We are fully launching CBD in July 2021 but we have been preparing. Residency programs at Dalhousie are now required to have 10% of training outside of Halifax Regional Municipality, we are working on options for residents to take advantage of the excellent learning opportunities outside of the IWK. We are dedicated to continuous quality improvement, our committees make smaller changes based on feedback and changes in healthcare needs.
Are there opportunities for residents to teach?
Yes! Dalhousie medical students do pediatric rotations at the IWK, Saint John Regional Hospital and in many of the smaller communities so there are lots of opportunities for informal teaching. One of the major roles of the senior resident on the Pediatric inpatient Medical Unit is teaching junior learners. Residents also teach their fellow residents in the last hour of our academic half day and get feedback. We have a unique selective rotation (Senior Teacher) dedicated to improving teaching skills with a variety of opportunities to choose from. Our PGME also offers an elective in medical education for senior residents.
What are the research opportunities/how do you support residents with their scholarly work?

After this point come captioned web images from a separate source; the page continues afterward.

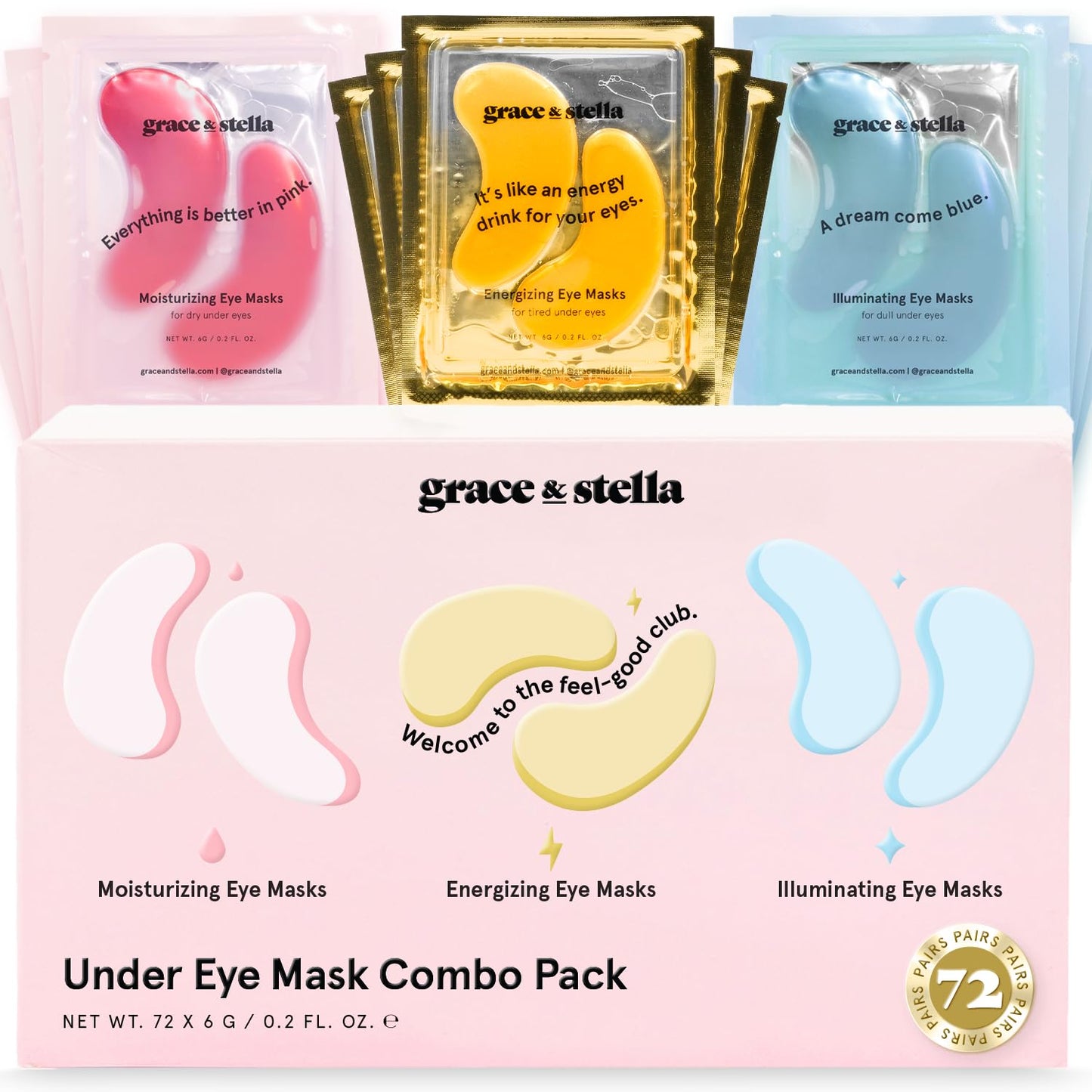 grace & stella Under Eye Mask (Gold, 48 Pairs) Eye Patch, Under Eye Patches for Dark Circles and Puffiness Undereye Bags, Wrinkles - Gel Under Eye Patches - Small Gifts - Vegan Cruelty-Free Self Care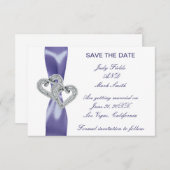 紫色の青いダイヤモンドハートは日付カードを保存 招待状 (正面/裏面)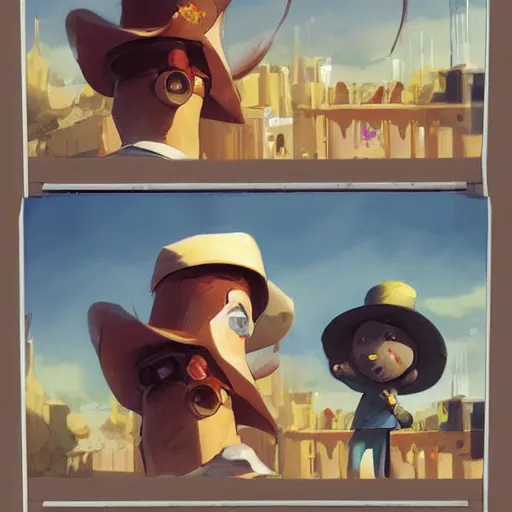 Image similar to a hat in time, funny vintage comic by greg rutkowski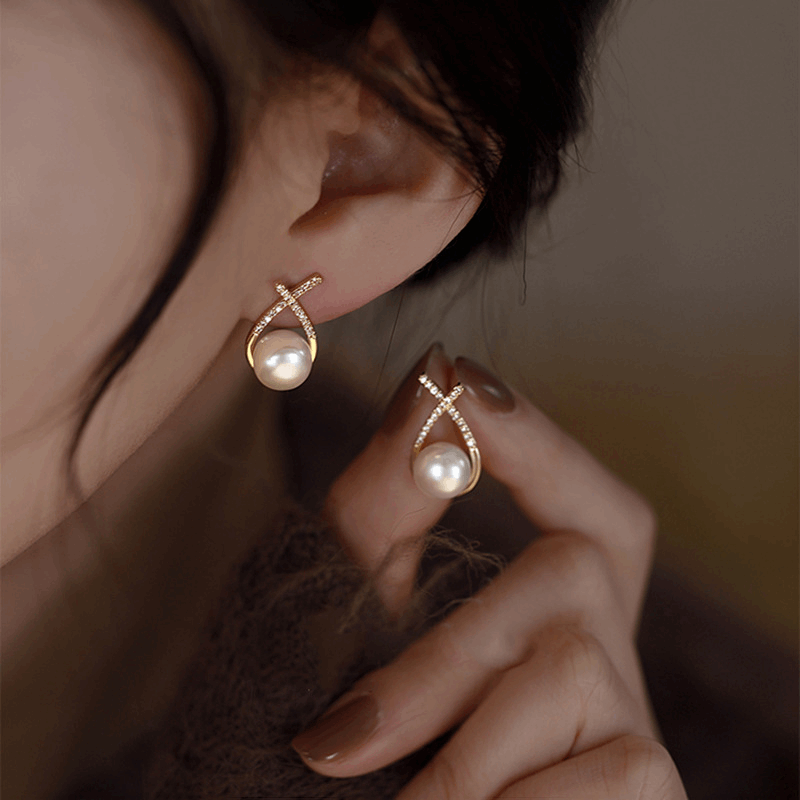 Classic Small Fragrant Wind Pearl with Cross Zircon Geometry Pearl Korean Earrings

Our resident research advisor starts meeting with all PGY 1s in the first 3-6 months. There is a great deal of flexibility in the type of scholarly project to cater to residents’ personal interests and career goals (e.g. Quality improvement, clinical research, literature reviews, advocacy). In PGY 1 all residents have a rotation together called the academic skills course. Here residents learn and practice a variety of skills including critical appraisal, grant writing, REB submission and have time to work on their project proposals and get feedback. Residents have dedicated time in PGY 2 and 3 to work on their scholarly projects. Our scholarly project reporting form helps residents keep on track. Our department will fund residents to present their scholarly work at conferences.
What is call like?
We have a graduated call schedule. Our residents generally do 1 in 4 call in PGY 1 and 2, 1 in 5 call in PGY 3 and 1 in 7 call in PGY 4. Our residents cover a variety of different inpatient services while on call (patients admitted under general pediatrics, cardiology, endocrinology gastroenterology, hematology/oncology, nephrology, respirology, rheumatology). One of the advantages of this is that residents are exposed to many different pediatric specialties throughout their training. During transition to discipline residents do 10 buddy calls with a more senior resident. For the first 5 calls in the PICU residents are also buddied with a more senior resident. Residents do call in the PICU throughout PGY2-4 to help with continued exposure to high acuity patients throughout the year. We do not have a night float system except when residents rotate through the NICU.
What is your simulation program like?
Our residents have protected time to attend mock codes once per week in the Emergency Department trauma bay. They also participate in monthly hospital wide mock codes. We have 3 full academic half days dedicated to simulation each year. Residents get additional sim experience during their emergency medicine and NICU rotations.